Debugging Dropped Requests during Bursts

hhff · April 13, 2021, 2:17pm

Hi folks,

I have an openresty container that more or less just serves 301 redirects.

Our monitoring service started to alert us that it’s occasionally hanging / not responding.

I’ve been able to reproduce this by load testing say ~250 requests sent to the IP at once. What seems to happen is:

the 250x 301s return fine
the next request hangs for up to 1 minute or so
after about 1 minute, it seems to return to normal

I’ve got access_log and error_log going to stdout (I don’t see anything that is unexpected), but when that next (hanging) request is sent, nginx doesn’t log anything.

Ie - it appears the dropped request (immediately after a burst of 250), doesn’t actually get to my container.

What I’m wondering is:

does fly.io have any type of burst protection at the Load Balancer level that would explain this behavior?

Thank you!

jerome · April 13, 2021, 2:24pm

There is a burst protection. We’ve added it recently based on our current metrics. We’re still tweaking it.

It shouldn’t have waited 1 minute to let more connections through though!

Would you mind telling me what app this is? I can figure out if this is indeed our burst protection.

jerome · April 13, 2021, 2:28pm

More precisely, burst protection is on the number of tcp connections per second.
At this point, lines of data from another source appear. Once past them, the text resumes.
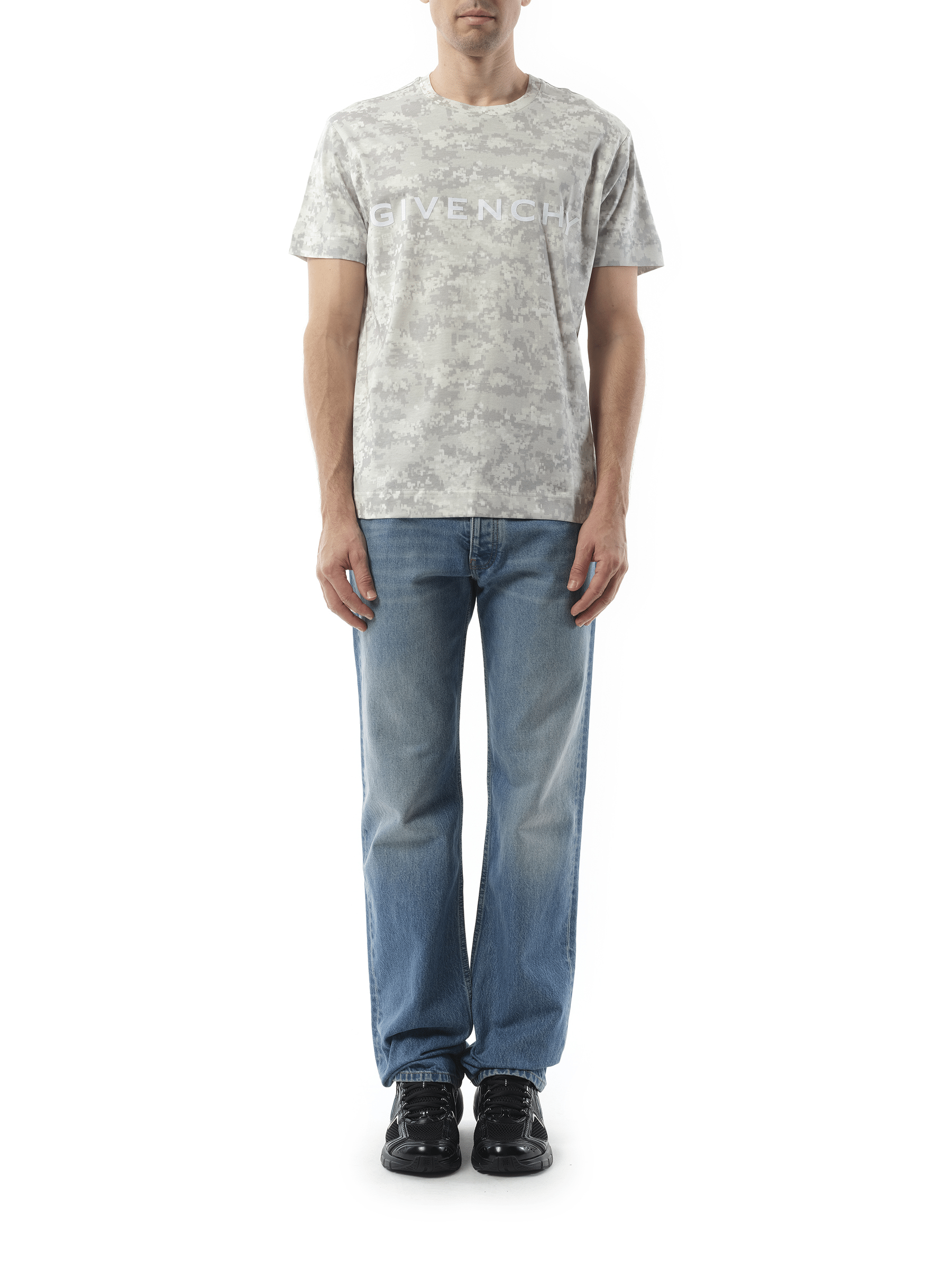 Givenchy Camo All Over T-Shirt in Pearl Grey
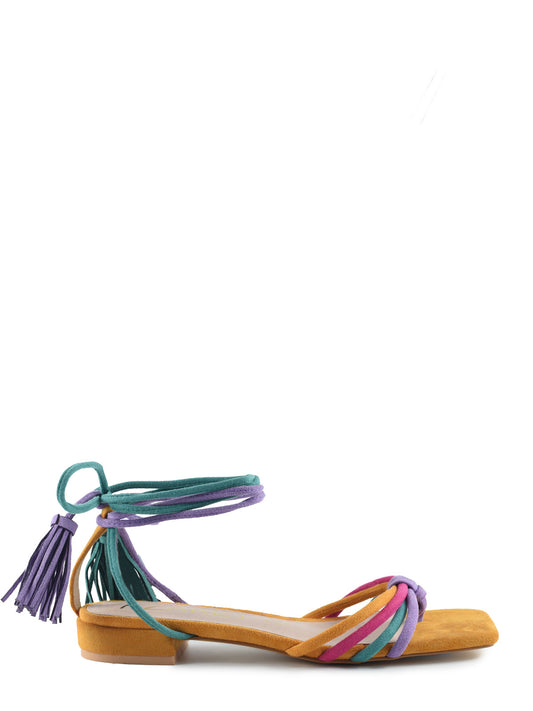 Flat mango sandal with interlocking straps
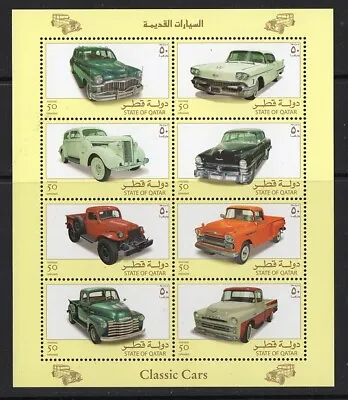 Thematic Stamps QATAR 2005 CLASSIC CARS Sheet Of 8 Mint • $2.61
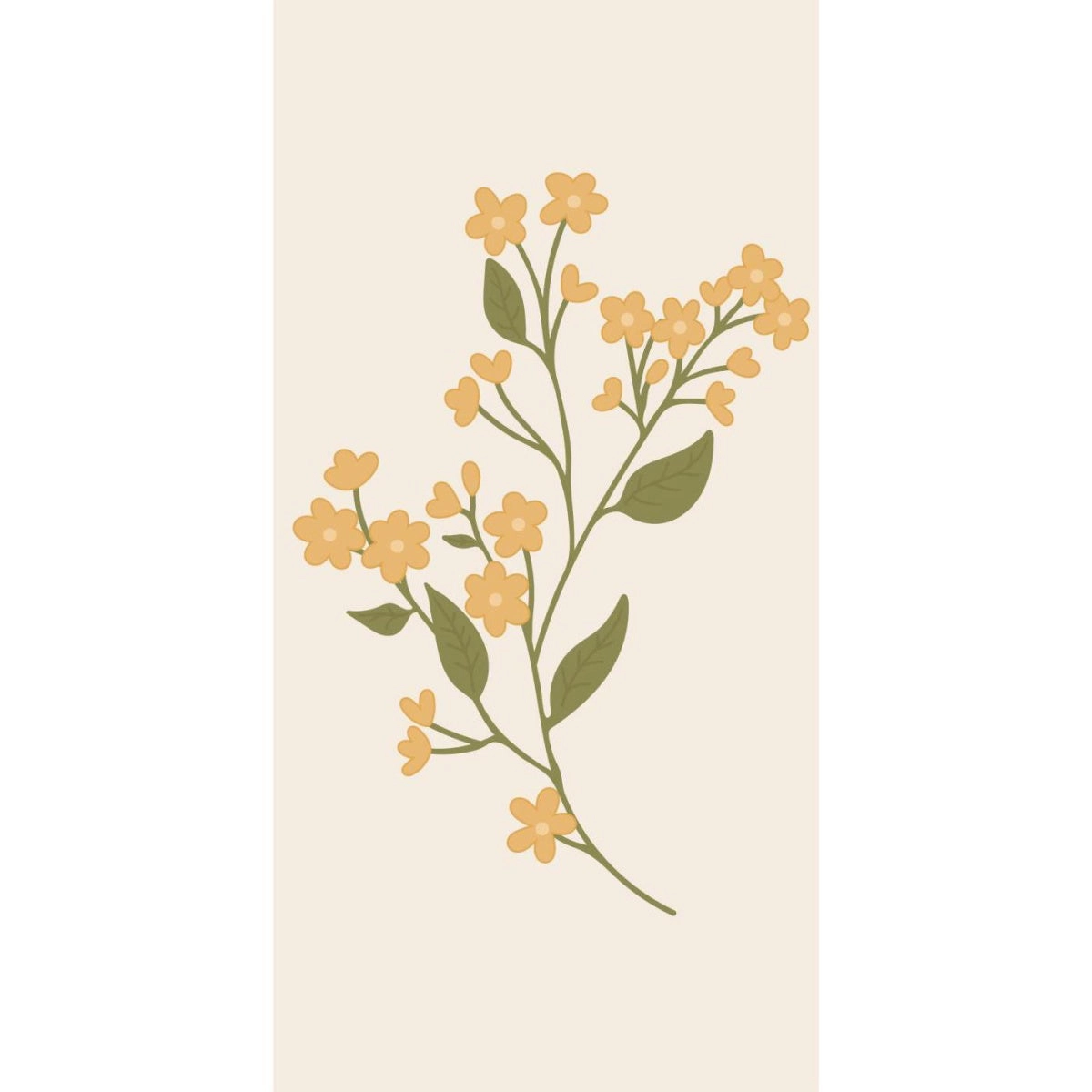 Servilletas Diseño Flor Amarilla 16 unidades de 10x20 cm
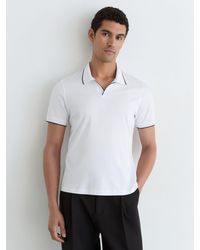Reiss - Air-Water Cotton Tipped Polo Shirt - Lyst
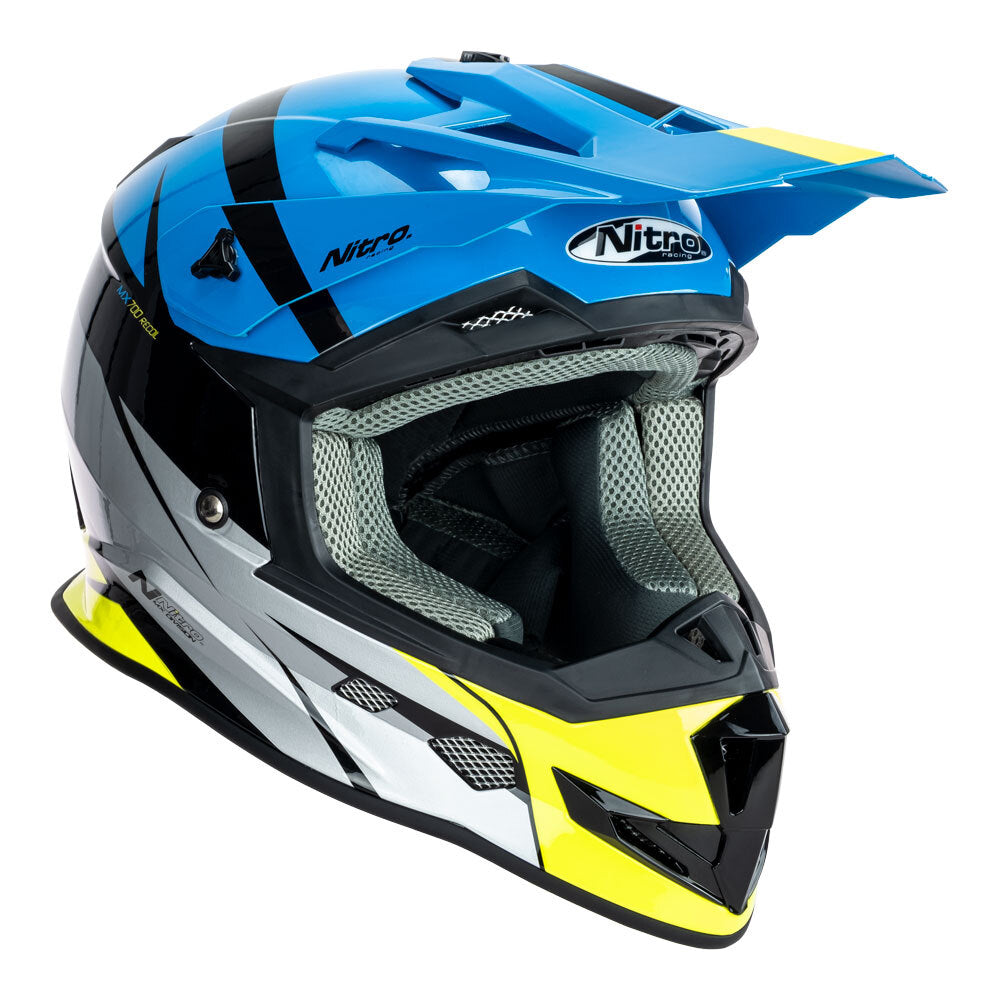 Nitro MX700 Recoil Black/Light Blue/Silver/Fluro Yellow Helmet - EasyR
It’s currently set at 300 / second / edge server / app.

Normal HTTP clients tend to reuse connections and don’t usually trigger the rate limit.

hhff · April 13, 2021, 2:43pm

Thanks Jerome,

The app is called “crystalizer-ingress-production”. I’m not sure the exact date we started seeing the behavior, but I believe it was around March 20th, give or take a week.

Thank you!

hhff · April 13, 2021, 2:44pm

(However, currently I’ve been testing and tuning in “crystalizer-ingress-integration”)

kurt · April 13, 2021, 2:56pm

Will you try testing two things for me?

Set handlers = ['http'] on your service
Add type = "requests" to your concurrency block?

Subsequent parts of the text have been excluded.